### Assigned task
Repeat the lines of the data exactly and exclude any picture among them.

Dataset items
/---

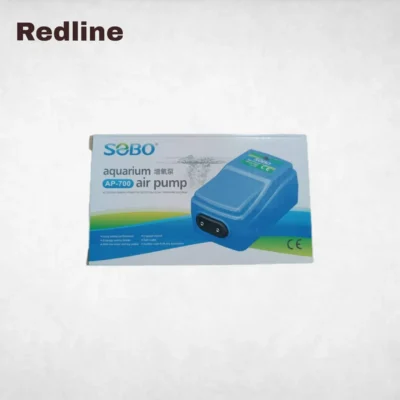 اکسیژن ساز آکواریوم سوبو مدل AP-700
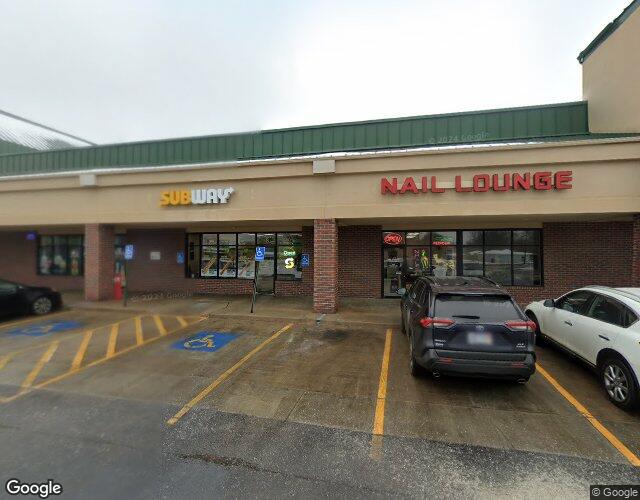 Thrift Store & Donation Center
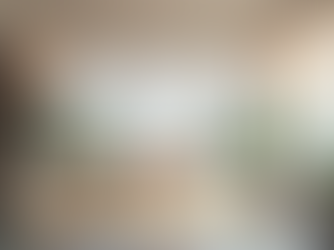 Smart Office Project - MY WORKSPACE in Korea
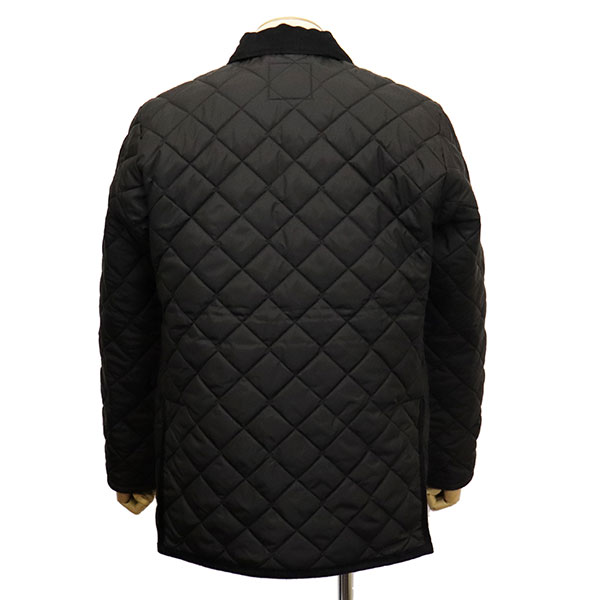 LAVENHAM(ラベンハム)正規取扱店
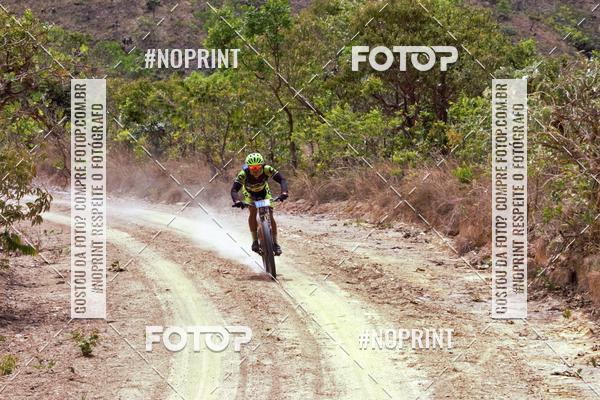Buy your photos of the event100KM EM DUPLA on Fotop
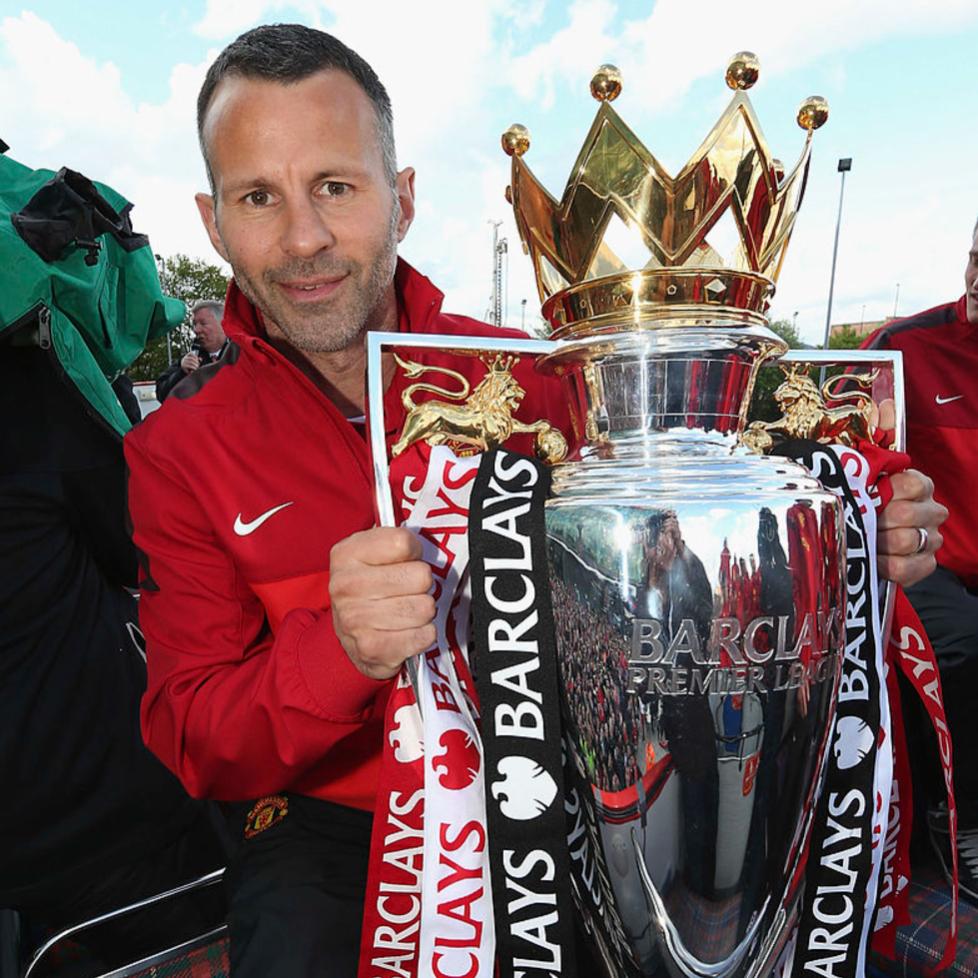 624536000_1369738858526342_6982623616021204501_n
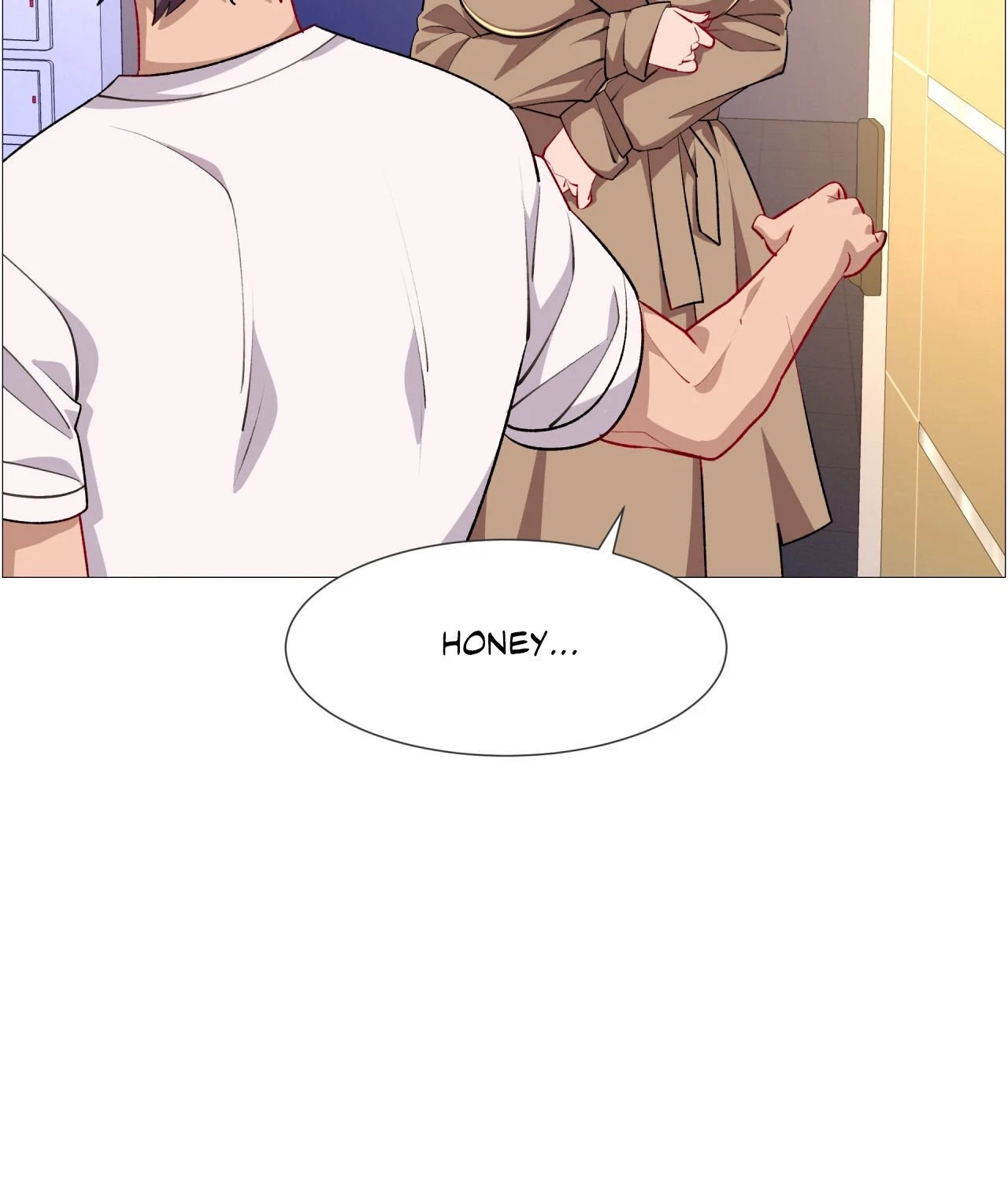 Chapter 68, page 111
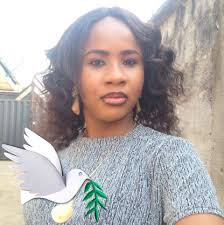 Vdm finally reply phyna and Izzy mumu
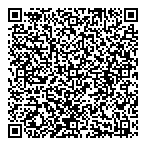 QR код "Фабрика качества"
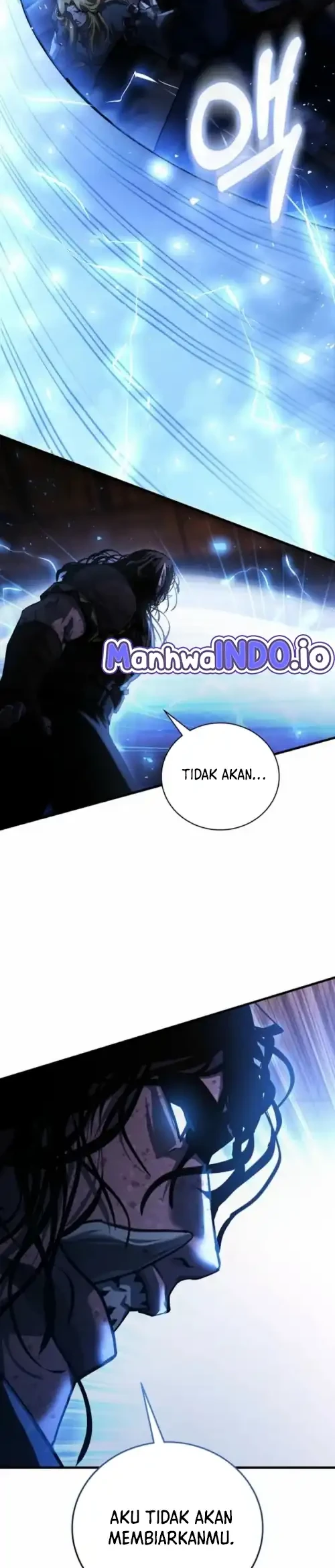 Chapter 15 - halaman 3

\---

### Task result
 اکسیژن ساز آکواریوم سوبو مدل AP-700
 Thrift Store & Donation Center
 Smart Office Project - MY WORKSPACE in Korea
 LAVENHAM(ラベンハム)正規取扱店
Buy your photos of the event100KM EM DUPLA on Fotop
 624536000_1369738858526342_6982623616021204501_n
 Chapter 68, page 111
 Vdm finally reply phyna and Izzy mumu
 QR код "Фабрика качества"
 Chapter 15 - halaman 3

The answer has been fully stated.